- [Work order]
Please, from the entries below, transcribe exactly the lines that begin at the line with "To My Daughter, Candle" and end at the line with "Weihnachts-Katzenbaumturm mit rot-grünem", without the pictures.

- [Input records]
■ ■ ■ ■ ■ ■ ■
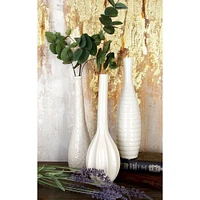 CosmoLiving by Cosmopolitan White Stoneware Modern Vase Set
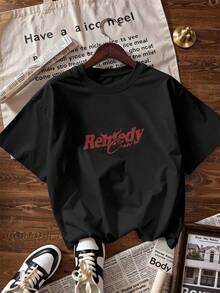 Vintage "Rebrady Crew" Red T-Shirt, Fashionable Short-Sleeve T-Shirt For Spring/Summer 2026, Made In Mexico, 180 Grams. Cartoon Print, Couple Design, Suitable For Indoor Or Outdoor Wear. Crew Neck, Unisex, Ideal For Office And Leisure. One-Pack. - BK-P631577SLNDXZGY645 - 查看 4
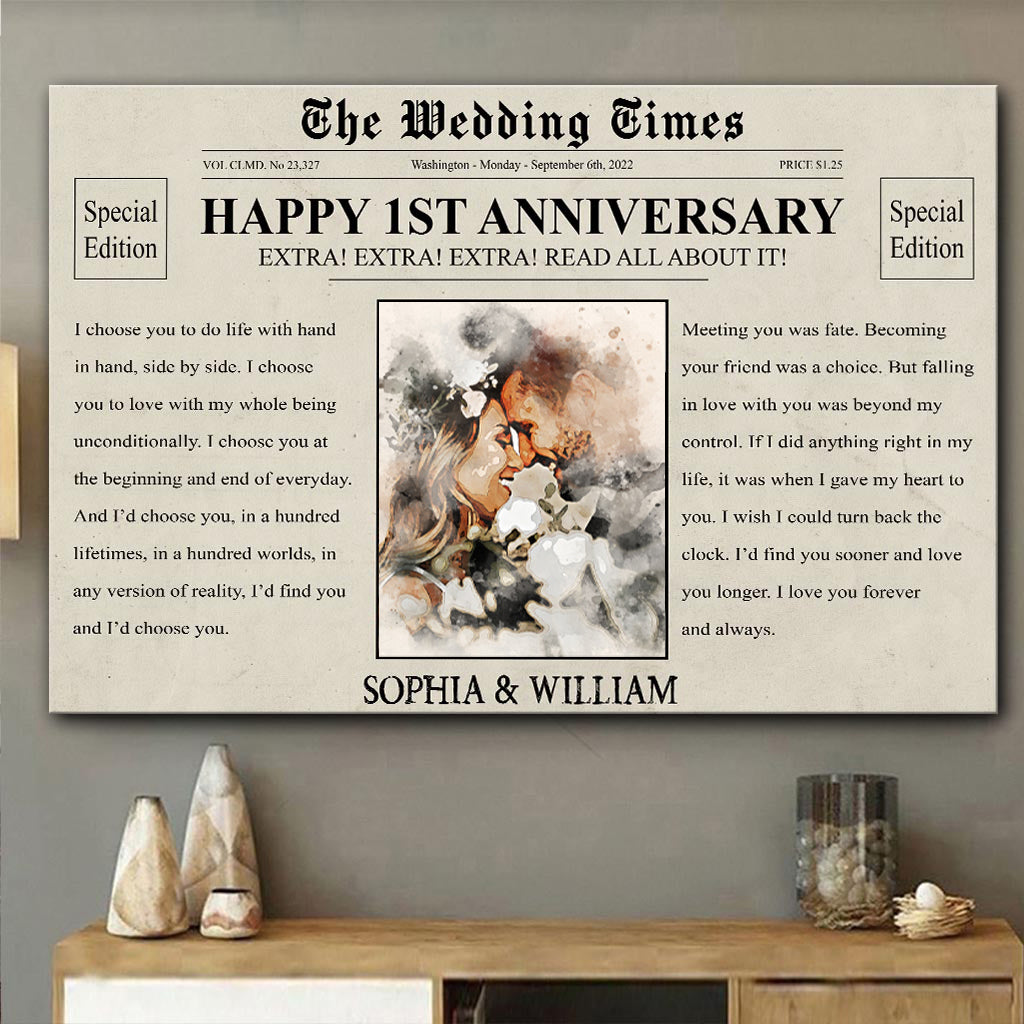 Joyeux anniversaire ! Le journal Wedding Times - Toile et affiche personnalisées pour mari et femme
■ ■ ■ ■ ■ ■ ■
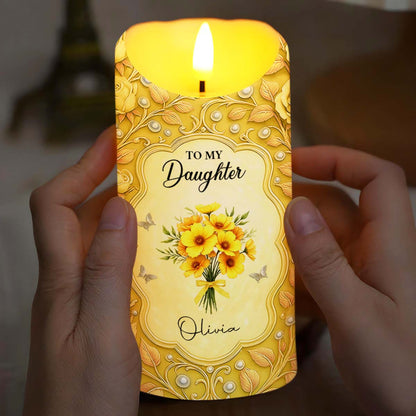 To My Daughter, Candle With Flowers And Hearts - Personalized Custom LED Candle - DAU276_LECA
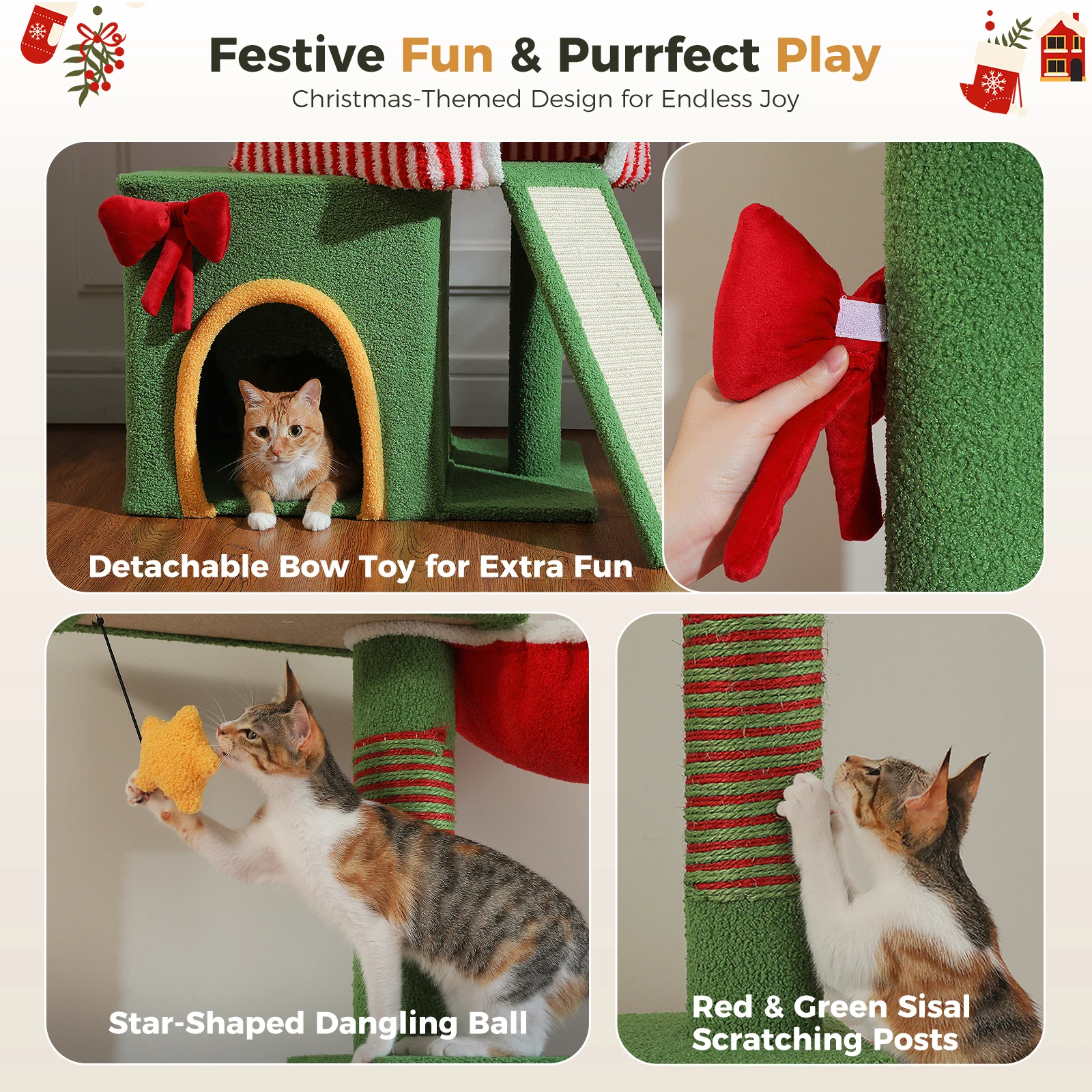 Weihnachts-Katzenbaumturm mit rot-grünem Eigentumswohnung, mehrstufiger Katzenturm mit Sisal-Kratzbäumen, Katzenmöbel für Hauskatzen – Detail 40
■ ■ ■ ■ ■ ■ ■
- [Response below]
 To My Daughter, Candle With Flowers And Hearts - Personalized Custom LED Candle - DAU276_LECA
 Weihnachts-Katzenbaumturm mit rot-grünem Eigentumswohnung, mehrstufiger Katzenturm mit Sisal-Kratzbäumen, Katzenmöbel für Hauskatzen – Detail 40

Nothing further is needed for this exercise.